Journée d'Enseignement Post-Universitaire sur le thème « Santé des femmes, suivi de la grossesse : tests de dépistage »
19 octobre 2007, École de Sages-Femmes Jeanne Sentibery, Centre hospitalier intercommunal de Poissy

Amélioration du dépistage

Le séquençage du génome humain et les grandes avancées de la génétique moléculaire ont permis d'identifier un nombre croissant de maladies génétiques, environ 5000 à l'heure actuelle. Pour une trentaine d'entre elles, un diagnostic prénatal est possible par prélèvement des cellules foetales du liquide amniotique ou des villosités choriales suivi de l'analyse moléculaire de leur génome. Malheureusement, l'acte invasif pour obtenir les cellules foetales n'est pas sans risque, pouvant déclencher une fausse-couche dans 1 à 3% des cas.

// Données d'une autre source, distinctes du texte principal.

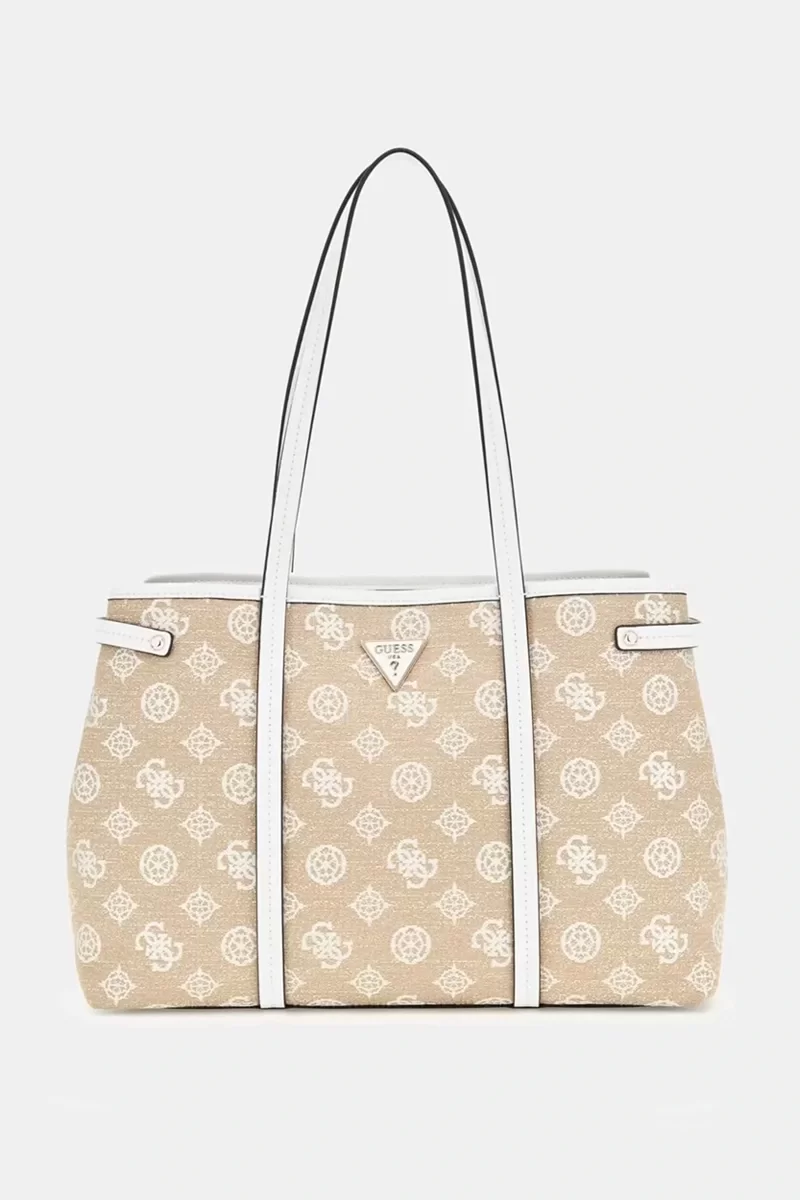 Guess BEYZA GIRLFRIEND TOTE Kadın Beyaz Omuz Çantası HWJG9627230-WLO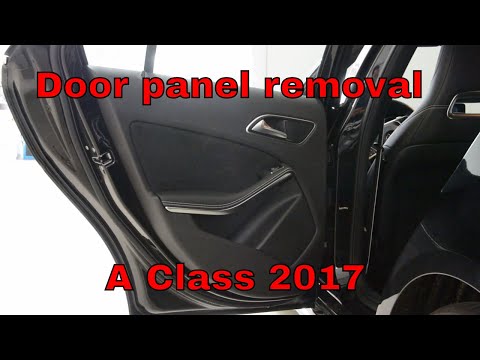 Mercedes A Class Door panel removal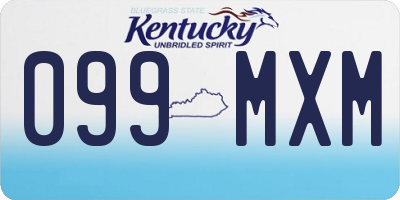 KY license plate 099MXM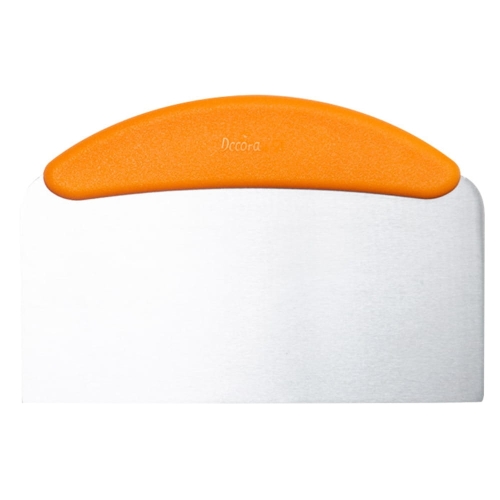 Metalowa skrobka do tortu z uchwytem Decora 22,5x11cm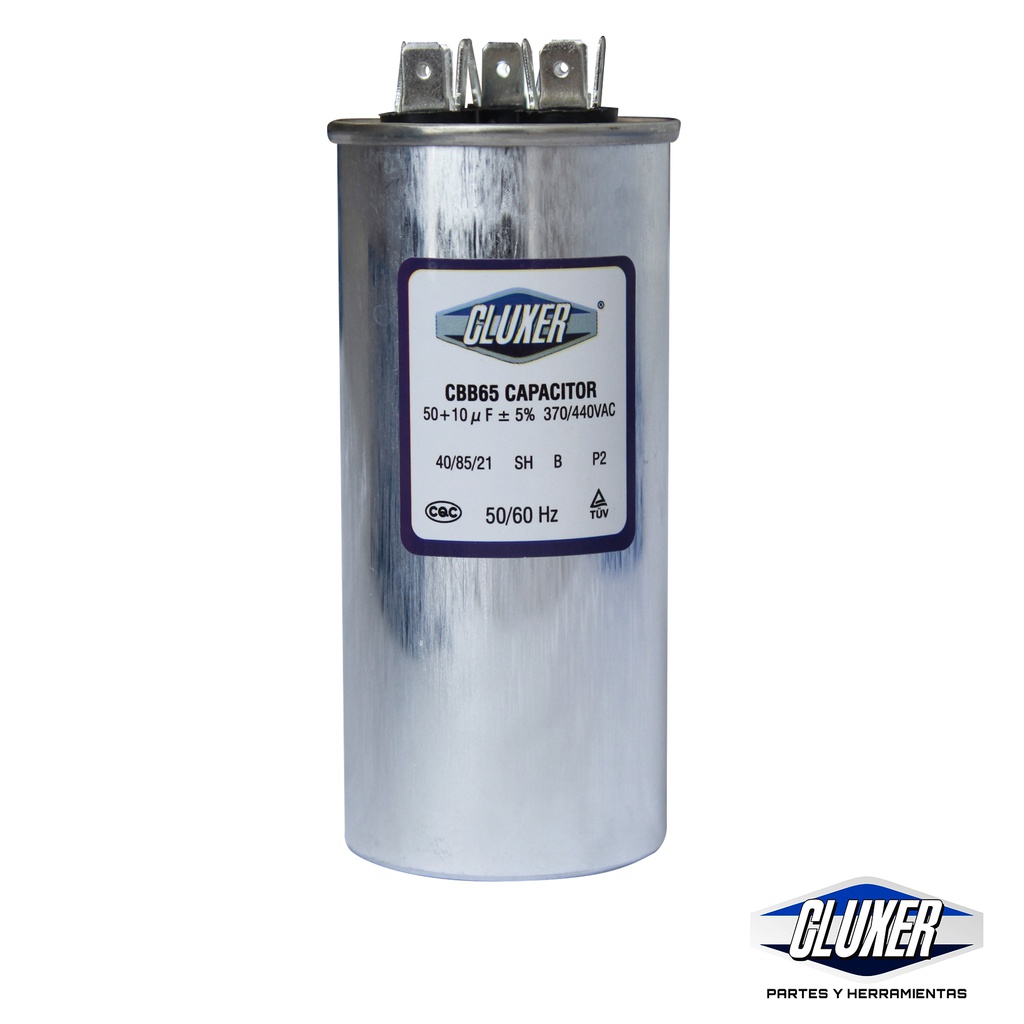 1 Capacitor De Trabajo 50/10mf, Dual 440-370vac  50/60hz
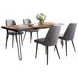 Nature's Edge Chestnut and Gray Upholstered 5 Piece Dining Set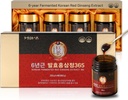 6-årig Fermented Korean Red Ginseng Extract | 4X 200g Bottles | 9,6 mg Ginsenosides per 15g | Energi, Fokus, Trötthet, Immun Support | Herbal Supplement för Män & Kvinnor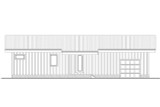 Modern House Plan - 12999 - Rear Exterior
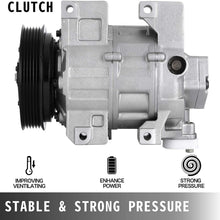 VEVOR AC compressor CO 10886C compatible with Altima 2007-2012 2.5l Air Conditioner Compressor Altima 07-12 A/C Clutch fit for Sentra 2007-2009
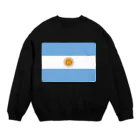 お絵かき屋さんのアルゼンチンの国旗 Crew Neck Sweatshirt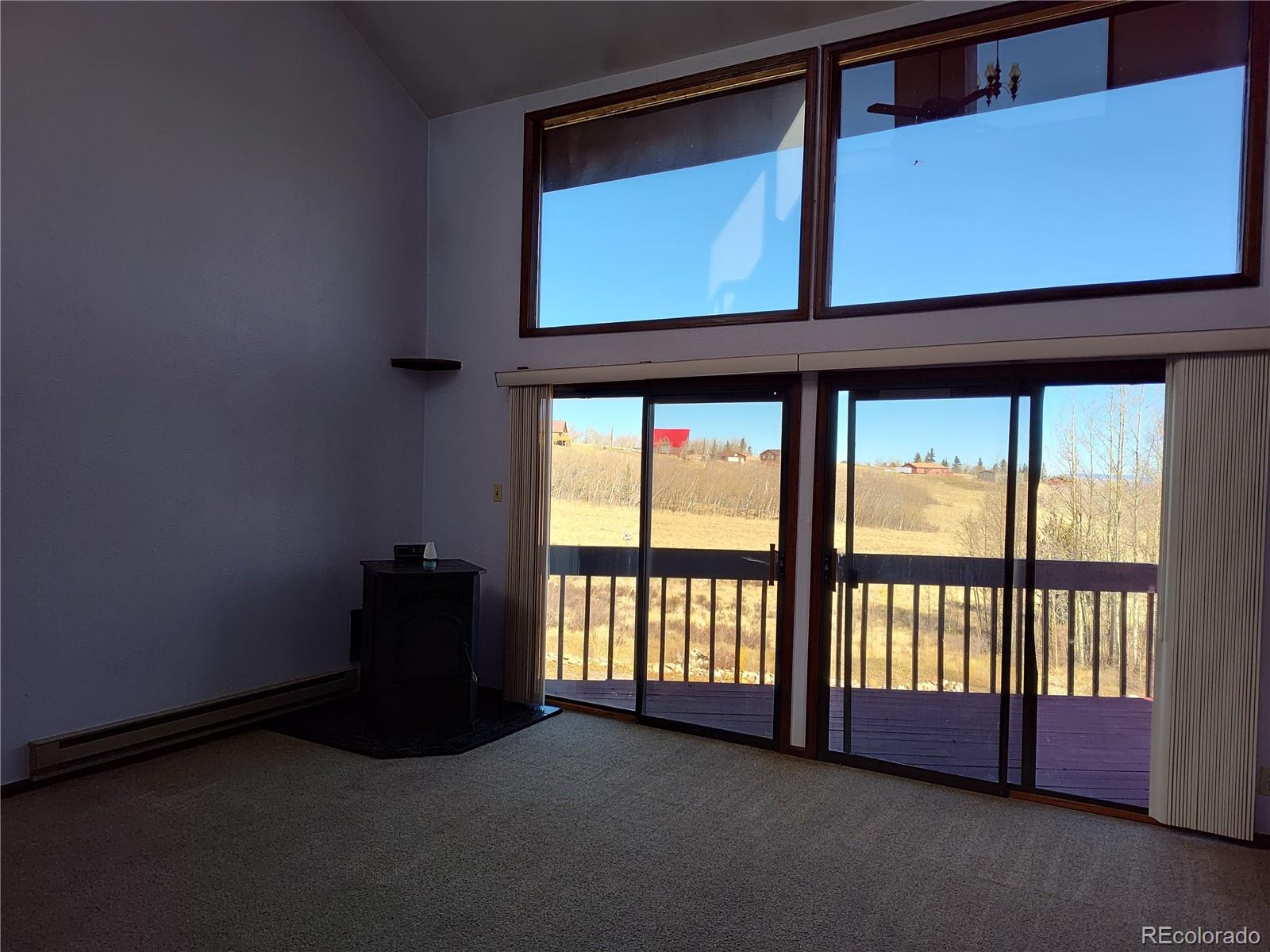 2584 High Creek Road Fairplay, CO 80440 - Photo 8 of 26 a view of an empty room with a window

Depuis 2003, le CIANE suit donc avec beaucoup d'attention les travaux de recherche visant à un meilleur dépistage des trisomies, avec pour effet une diminution des diagnostics par amniocentèse. Pour commencer, il a fait le point sur l'expérimentation menée dans les Yvelines par mesure échographique de la clarté nucale et mesure des marqueurs sériques maternels au 1er trimestre de la grossesse (voir publication de Rozenberg, Bussières et collègues dans Gynécologie Obstétrique et Fertilité, 2007). Deux membres de cette équipe ont animé un atelier sur ce thème aux États généraux de la naissance (22-24 sept. 2006).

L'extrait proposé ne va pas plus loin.